Plus encore que les autres, le ministère de l’Intérieur est au service exclusif et exigeant de l’État : sans ordre, l’État-nation est en effet voué à sombrer dans le chaos ; ainsi, le rôle de ce ministère est il préjudiciel ; même si, bien sûr, dans l’équilibre général de l’État, il ne compte ni plus ni moins que celui des finances, de la santé, etc.
Voici donc un ministère crucial pour la bonne marche de l’appareil d’État, dans son ensemble. Or depuis environ une décennie, quand M. Bernard Cazeneuve en était le ministre, la fonction même de l’Intérieur s’infléchit en un sens inquiétant. D’abord, ce fut une intimidation parfois brutale du service de com’ du précité sur les journalistes renâclant à sa propagande, pour les subjuguer ; désormais, on a en outre la domestication de divers syndicats de police et la mise des hautes sphères du ministère à disposition des ambitions effrénées du ministre.
Se creuse ainsi un gouffre entre les assertions propagandistes de Beauvau, « Pilonnage… Place nette »… etc., et la réalité du terrain, bien plus sinistre et inquiétante. De cela, d’indéniables exemples.
– La propagande-Beauvau se dépeint comme dominant son sujet, assurant la sécurité des Français, abordant l’avenir avec assurance, en connaissance de cause, face à des menaces identifiées, extrémismes, drogues, etc. Or à l’inverse, Beauvau, une fois de plus et peut-on dire hélas, comme toujours, n’a rien vu venir de la présente explosion de colère paysanne ; pas plus qu’il n’avait naguère capté l’imminence et la gravité de la crise des Gilets Jaunes, ni l’émeute de fin juin 2023, la pire en un siècle, 533 villes ravagées, un milliard d’euros de dégâts, etc.
Face aux bandes et au crime organisé, le travail de l’Intérieur défaille tout autant. Sans arrêt, des émeutes anti-police éclatent dans les zones hors-contrôle ; notre base de données criminologique en dénombre plusieurs chaque semaine de l’année ; certains moments, tous les soirs. Dans ces zones ou alentours, les bandits s’entretuent tant et plus, pour un trafic de stupéfiants qui s’étale et s’aggrave sans cesse. Dans les Bouches-du-Rhône, haut lieu du cinéma « sécuritaire » Élysée-Beauvau, les homicides explosent de plus 60% (soixante pour cent) en 2023, du jamais vu depuis qu’existent les statistiques officielles.
Les « succès » dans la lutte anti-drogue relèvent aussi du mensonge d’État. Jamais l’Amérique latine n’a produit-exporté plus de cocaïne. Rien qu’en Colombie, les hectares cultivés en coca frôlent les 250 000 ; sur place, dans la jungle, le prix du chlorhydrate de cocaïne (nom technique de la drogue) s’effondre à 2 000 US$ le kilo, tant on en produit ! Cette drogue inonde ensuite l’Europe par centaines de tonnes. En 2023, les saisies au seul port d’Anvers dépassent les 115 tonnes (cent-quinze-mille kilos).

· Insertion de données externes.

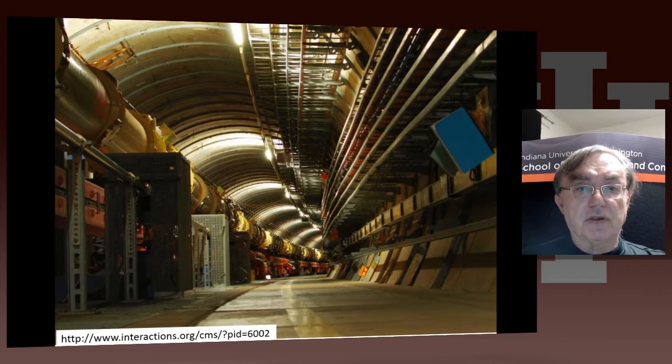Back in this control room are the key people that keep those particles running around in circles. The particles that collide disappear, but most of the particles don't collide and keep running around. Every now and then — many times a second — they collide, either with themselves in colliding rings, or with a fixed target.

Et le « pilonnage »-Intérieur là dedans ? Même un enfant comprend que, certes illicite, la drogue n’est une marchandise, soumise à la loi de l’offre et de la demande. Cours N°1, page 1, de « L’économie pour les nuls » : si à clientèle égale, l’offre diminue, les prix montent. Donc si le « pilonnage » des points de vente de la drogue réussit, le prix du gramme de cocaïne vendu dans la rue DOIT augmenter ; disons, passer de 80 à 120€ le gramme. Or depuis 2021, ce prix s’effondre de 30%, à désormais 60€/g ; 50€ même dans le Nord, près d’Anvers-Rotterdam. Côté héroïne, on en trouve désormais au Nord-est de la France à moins de 10€/g, prix effrayant mettant cette drogue mortelle à la portée des enfants à l’école…

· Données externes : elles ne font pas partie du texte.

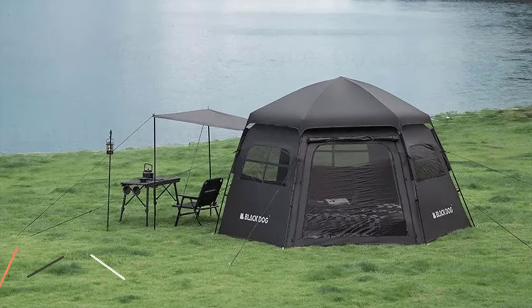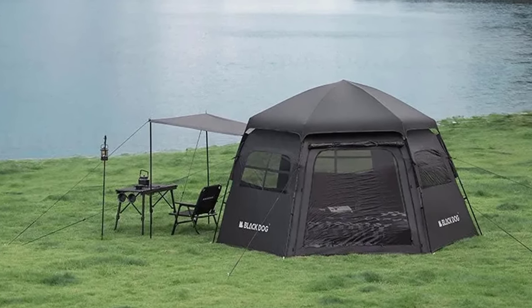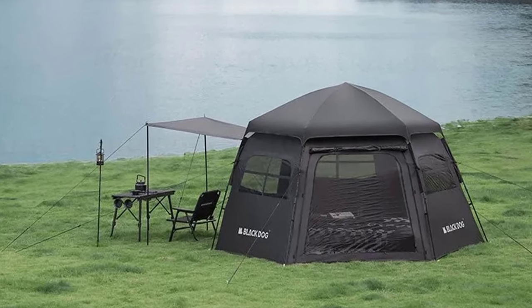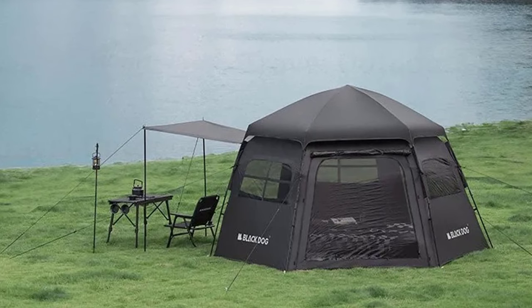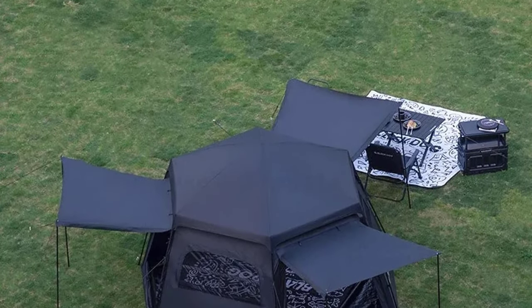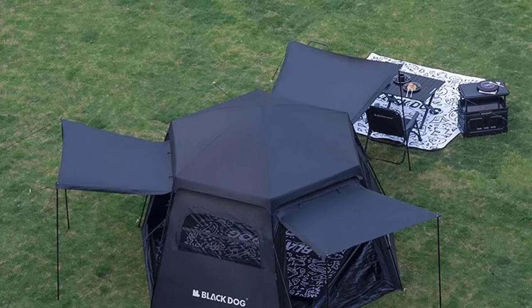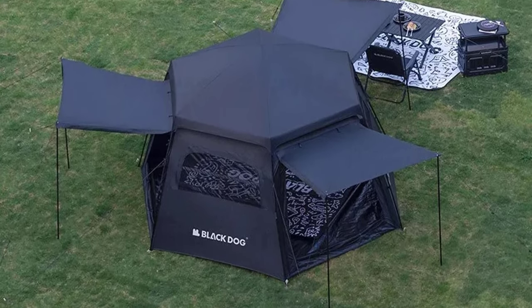Choose the Black Dog Hexagon Automatic Tent for the best Automatic Pop-Up Camping Tent experience in 2024. Innovation meets functionality, and camping becomes a breeze. Elevate your outdoor adventures with Nature Hike, where comfort and convenience redefine the camping experience. Order now and step into the future of camping.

Les cambriolages maintenant : ils explosent, surtout dans les campagnes, dans des proportions telles que, dans la « zone gendarmerie » d’un département-test, on en est sur 2023, à plus 200%, 40 à 50 effractions par semaine !
Le ministère de l’Intérieur devrait révéler aux Français le réel criminel, plaisant ou pas ; allant ou non dans le bon sens. Ensuite seulement, exposer son propre travail ; enfin, prouver que celui-ci réduit la pression criminelle sur la population. Or depuis une décennie, Beauvau ne dépeint quasiment que son propre boulot (« tant de perquisitions… d’arrestations… etc.) ; ce dont franchement, toute victime de l’insécurité se fout. Si vous menez à l’hôpital un enfant avec 40° de fièvre, vous n’attendez pas du médecin qu’il glose sur les piqures faites ou les cachets dispensés ; vous voulez juste qu’il ramène, vite et bien, la fièvre de l’enfant à 37°, voilà tout.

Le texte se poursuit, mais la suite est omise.